Directions for this task ::
Skip the pictures and copy all the data that follows exactly.

Data extracts ::

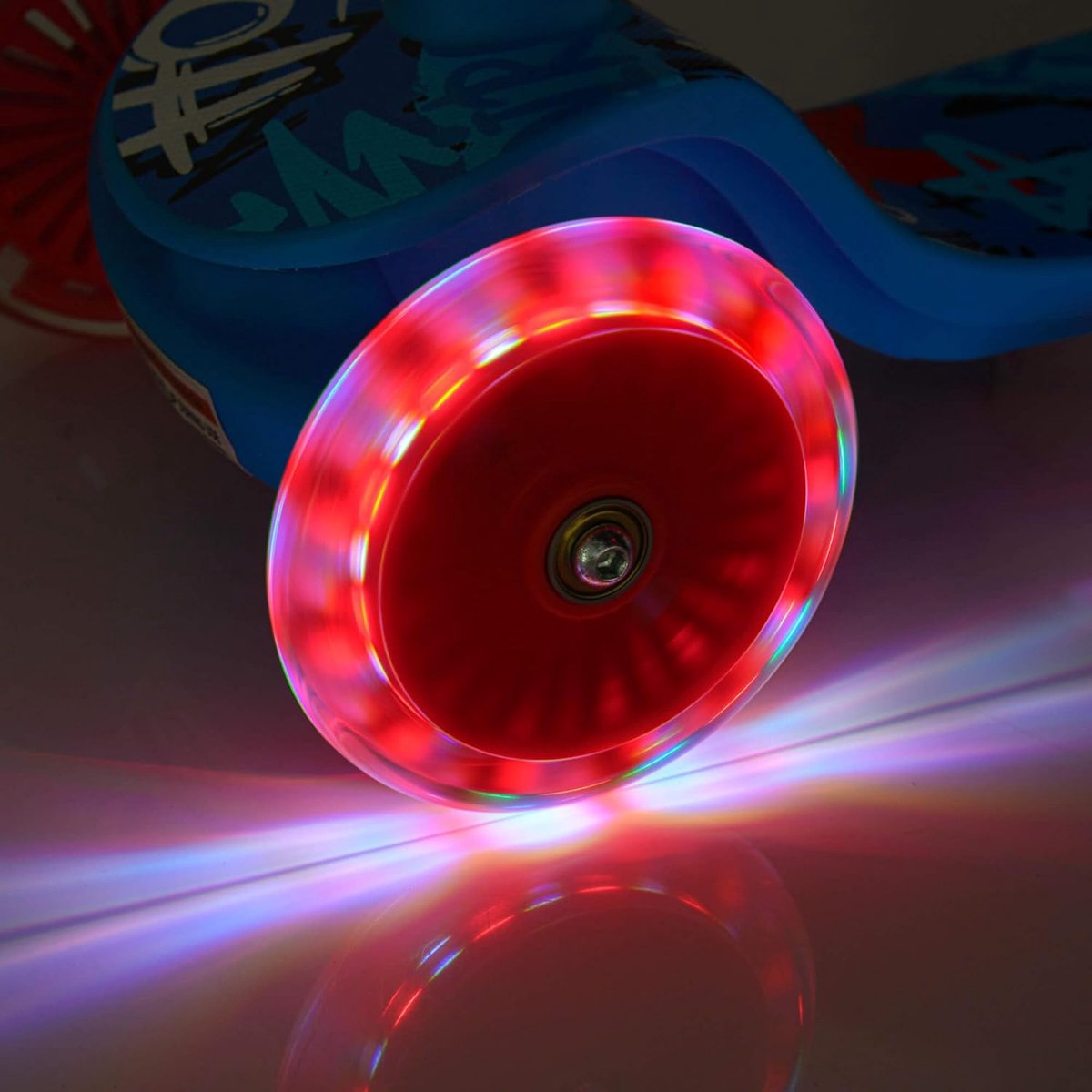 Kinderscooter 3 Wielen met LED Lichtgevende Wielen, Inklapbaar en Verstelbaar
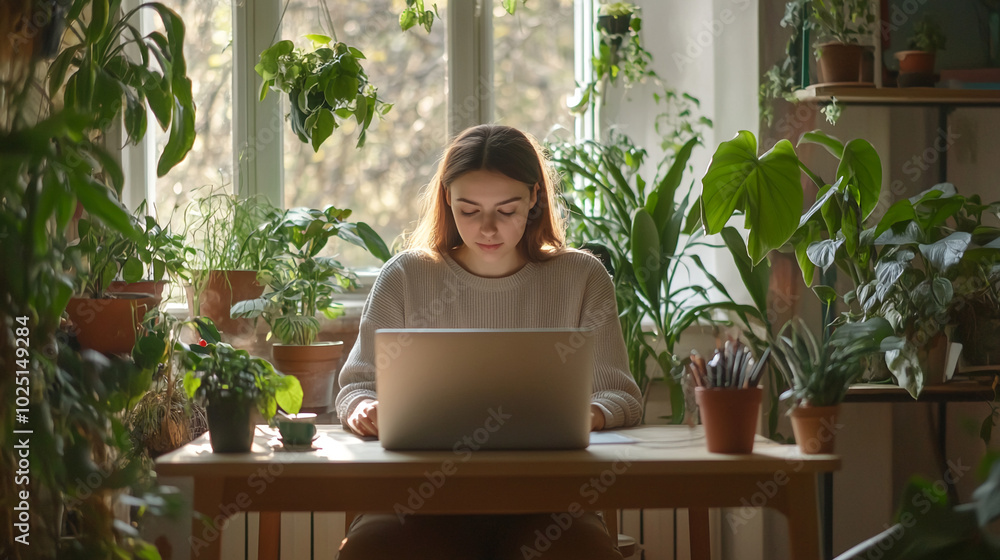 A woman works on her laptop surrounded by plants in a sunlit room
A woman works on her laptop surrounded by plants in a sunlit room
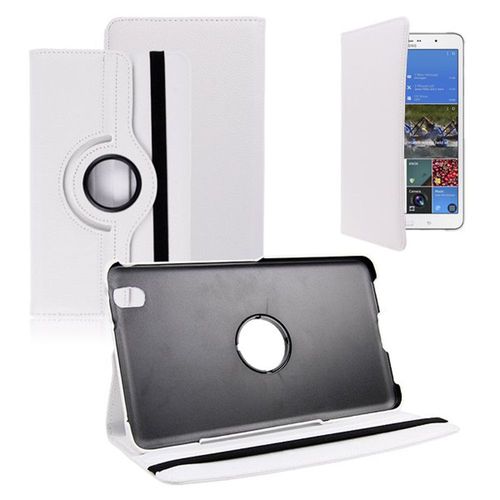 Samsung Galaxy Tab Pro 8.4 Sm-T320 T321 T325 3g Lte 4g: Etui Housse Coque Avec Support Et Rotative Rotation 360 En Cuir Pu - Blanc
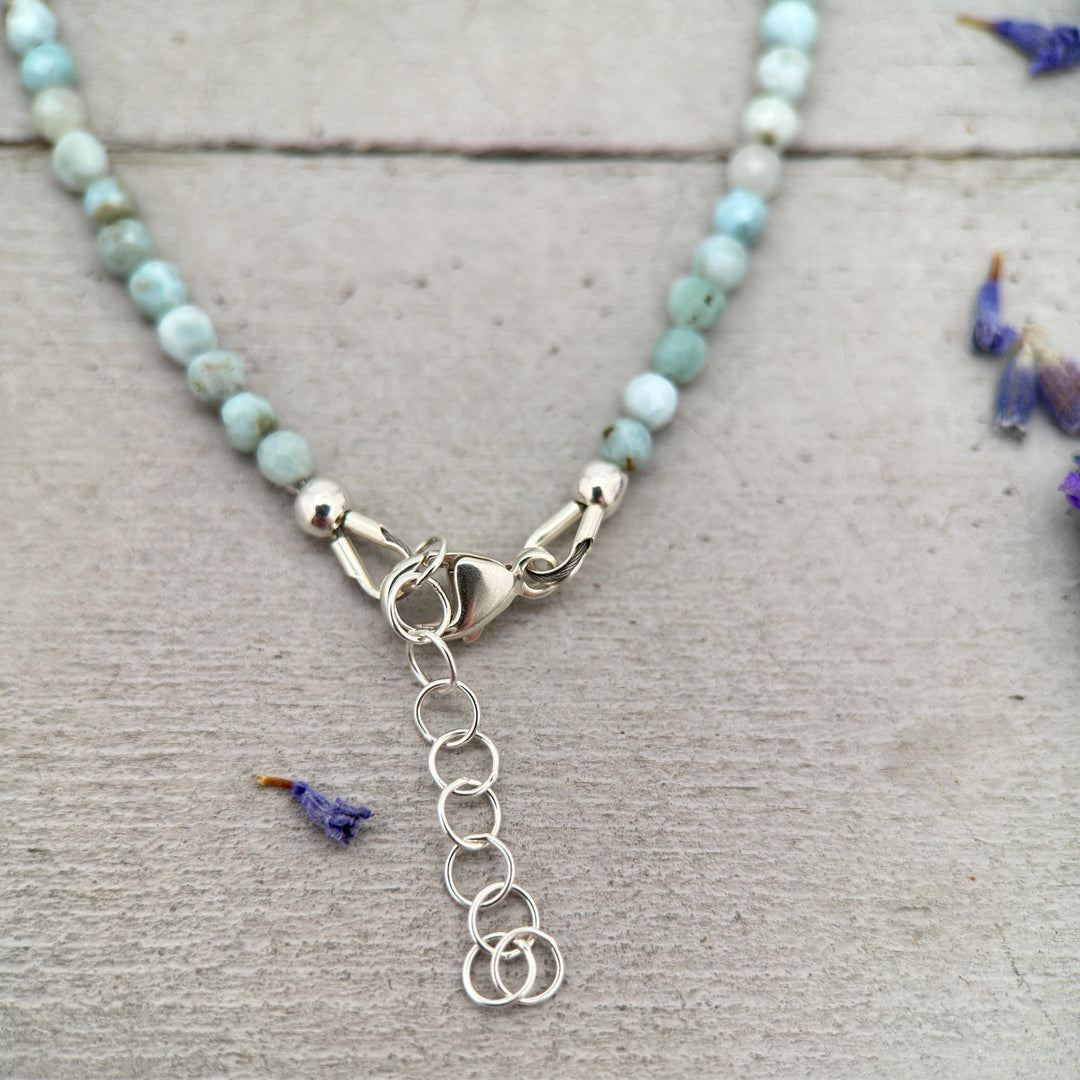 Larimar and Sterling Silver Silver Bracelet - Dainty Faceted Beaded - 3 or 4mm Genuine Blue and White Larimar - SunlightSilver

Response for this exercise ::
 Kinderscooter 3 Wielen met LED Lichtgevende Wielen, Inklapbaar en Verstelbaar
 A woman works on her laptop surrounded by plants in a sunlit room
A woman works on her laptop surrounded by plants in a sunlit room
 Samsung Galaxy Tab Pro 8.4 Sm-T320 T321 T325 3g Lte 4g: Etui Housse Coque Avec Support Et Rotative Rotation 360 En Cuir Pu - Blanc
 Larimar and Sterling Silver Silver Bracelet - Dainty Faceted Beaded - 3 or 4mm Genuine Blue and White Larimar - SunlightSilver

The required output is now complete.